# Updated pictures of our Pup's



## BackfourtyMI. (Sep 3, 2007)

Although they don't much look like pups anymore! 
the black & white is our male & he's now 7 months old & the red & white is our female & she's 9 months old. They are both Karakachan's.
Can't say enough about how much we love these dogs.


----------



## yarrow (Apr 27, 2004)

Good grief.. they've grown so much.. I actually caught myself reading up on Karakachans the other day (due to how much you love yours).. Bob Barker and Lola will be 8 next spring.. time to start thinking about bringing in a pup or two for them to help raise/train.

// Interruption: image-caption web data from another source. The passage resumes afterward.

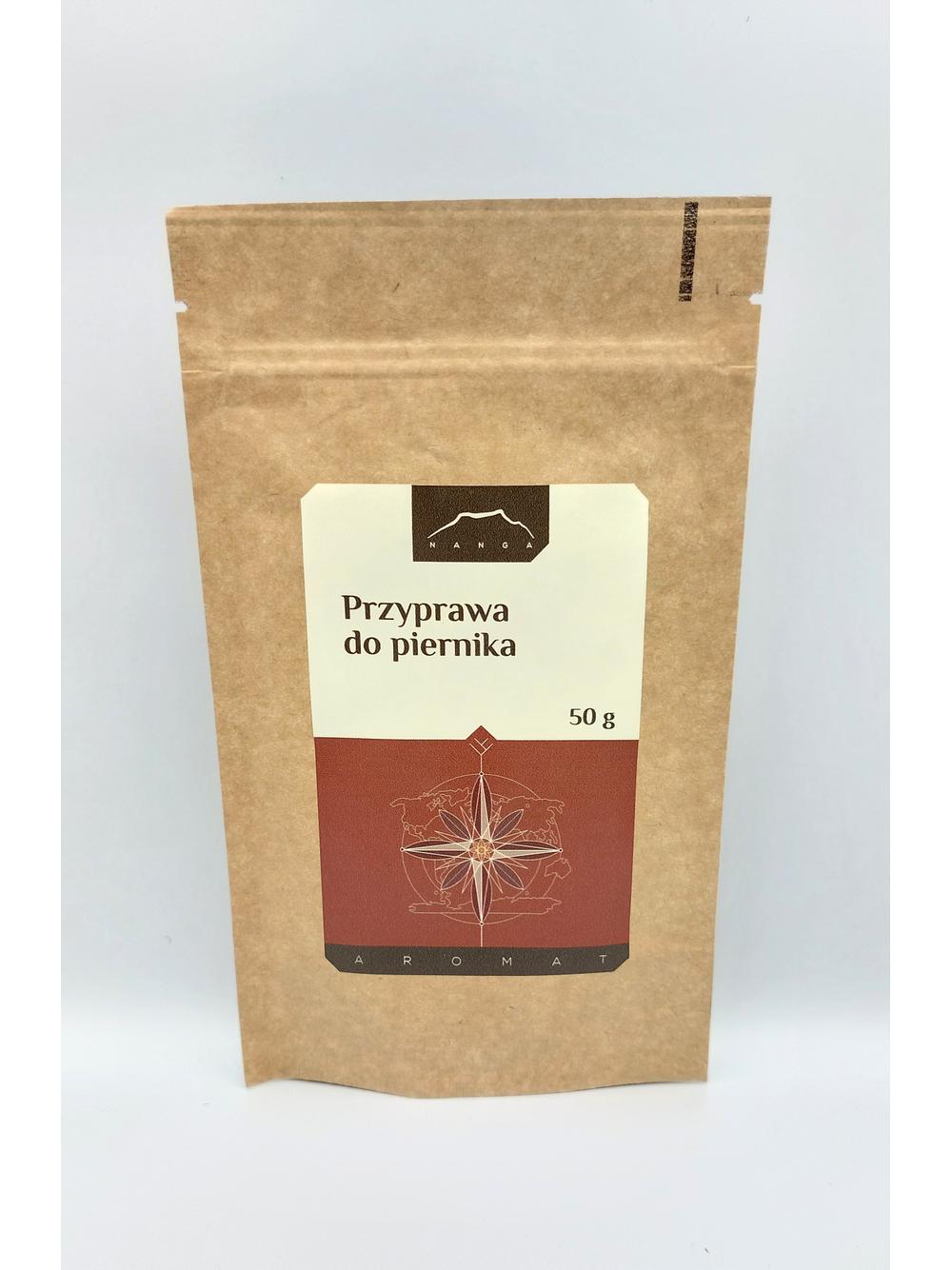 Przyprawa do piernika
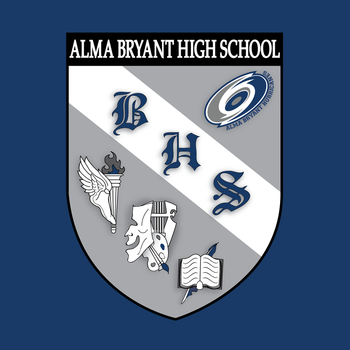 Bryant High School LOGO-APP點子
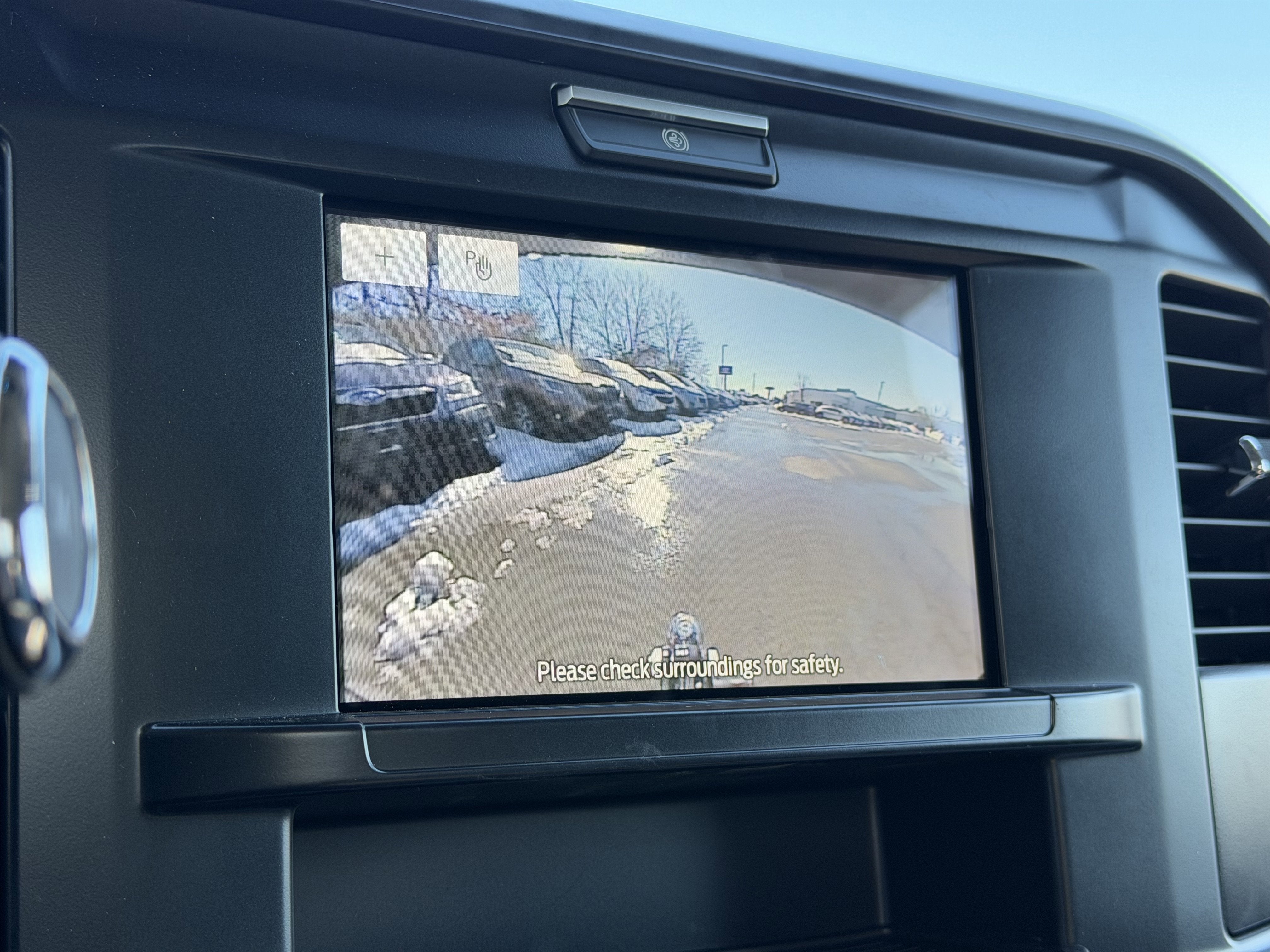 2026 Ford Super Duty F-600 DRW Base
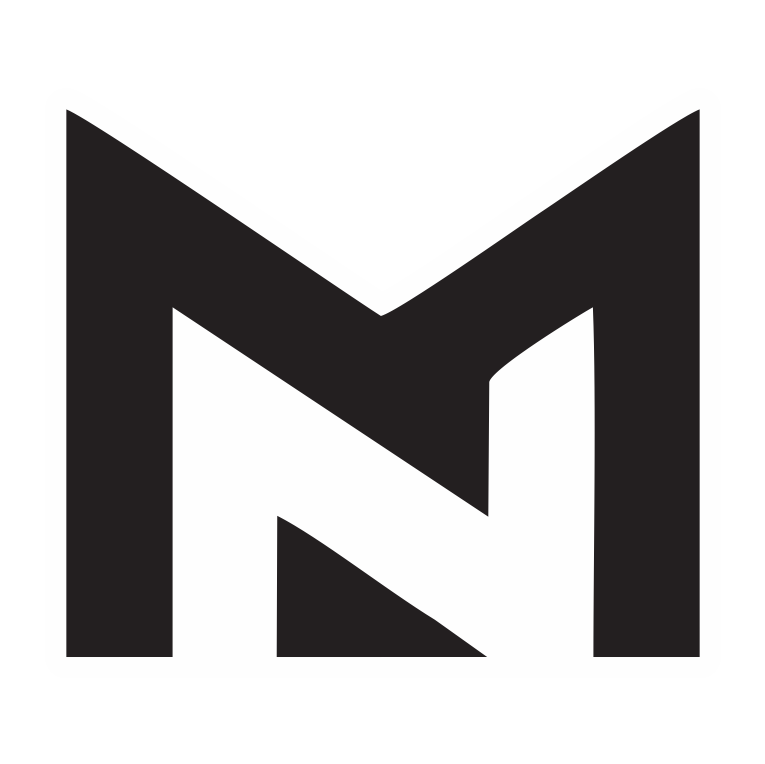 Mayke Naderer Logo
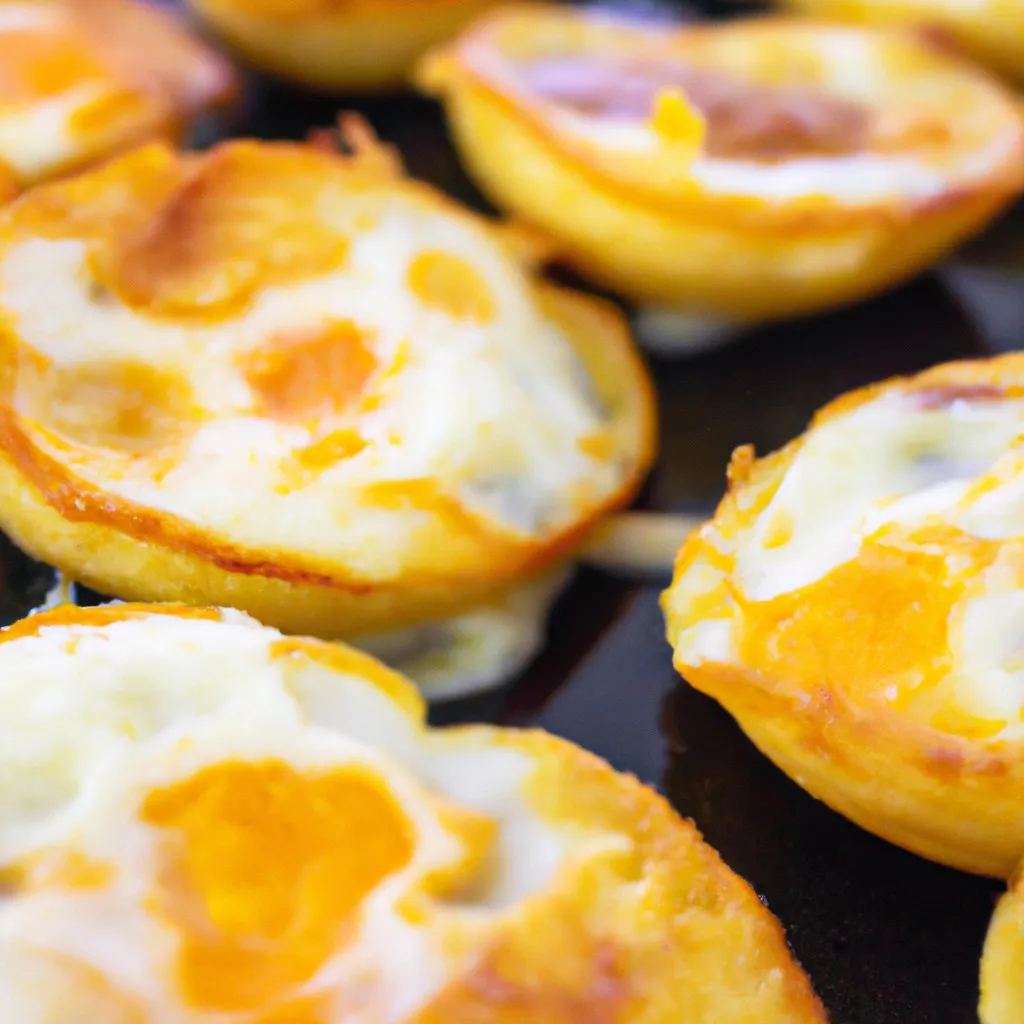 ovos receita deliciosa na airfryer 4a504bc1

your babies are looking good
susie, mo ozarks


----------



## CAjerseychick (Aug 11, 2013)

Nice markings they are growing up fast!


----------



## BackfourtyMI. (Sep 3, 2007)

yarrow said:


> Good grief.. they've grown so much.. I actually caught myself reading up on Karakachans the other day (due to how much you love yours).. Bob Barker and Lola will be 8 next spring.. time to start thinking about bringing in a pup or two for them to help raise/train.
> 
> your babies are looking good
> susie, mo ozarks


I plan on breeding mine when my female is around 2 or a little older.


----------



## yarrow (Apr 27, 2004)

Backfourty said:


> I plan on breeding mine when my female is around 2 or a little older.


Bob & Lola are still in really good shape.. running/jumping.. not really showing much in the way of age yet.. I just might have to hold off and get a pup (keep me in mind please)

susie, mo ozarks


----------



## motdaugrnds (Jul 3, 2002)

Yeah, Katie, finally getting to see how much your beautiful pups have grown. Thanks for sharing. They are both real good looking!! I too share your love for the Karakachans.


----------



## BackfourtyMI. (Sep 3, 2007)

Thanks Everyone for all the nice comments. They are really growing. I didn't realize it because I see them everyday until I looked at these pictures!

I'll keep you in mind Susie don't worry. I have another friend wants to be 1st on the list too.


----------



## siberian (Aug 23, 2011)

They do lookand sound like incredible dogs. Your pictures definitlymake me want one.


----------



## gapeach (Dec 23, 2011)

They are so beautiful!


----------